Repeat the listing exactly as given, omitting every image.
[[ Material provided, beginning ]]
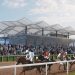 Pimlico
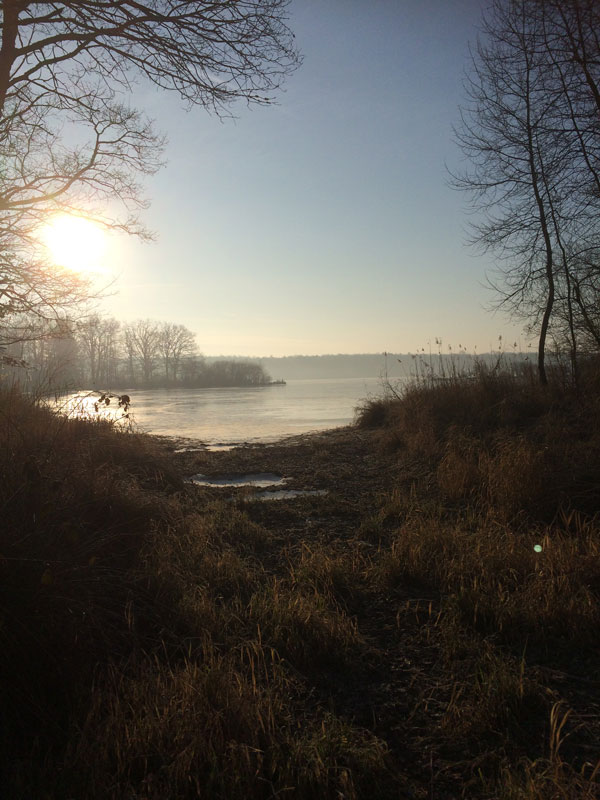 Réserve de chasse et de faune sauvage de Malzoné, Millançay - photo 7
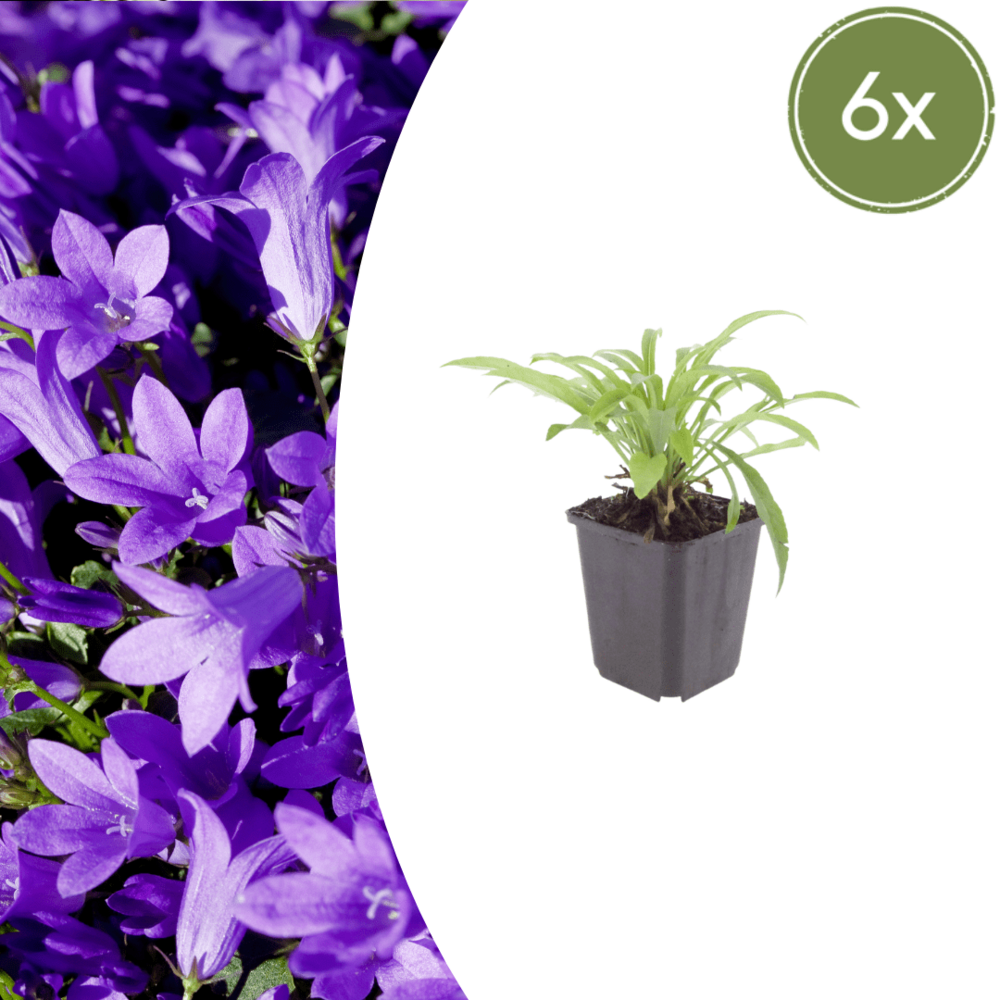 Lot de 24 - campanule à feuilles de pêcher (campanula persicifolia) 'coerulea'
[[ Material provided, end ]]
> Task result
 Pimlico
 Réserve de chasse et de faune sauvage de Malzoné, Millançay - photo 7
 Lot de 24 - campanule à feuilles de pêcher (campanula persicifolia) 'coerulea'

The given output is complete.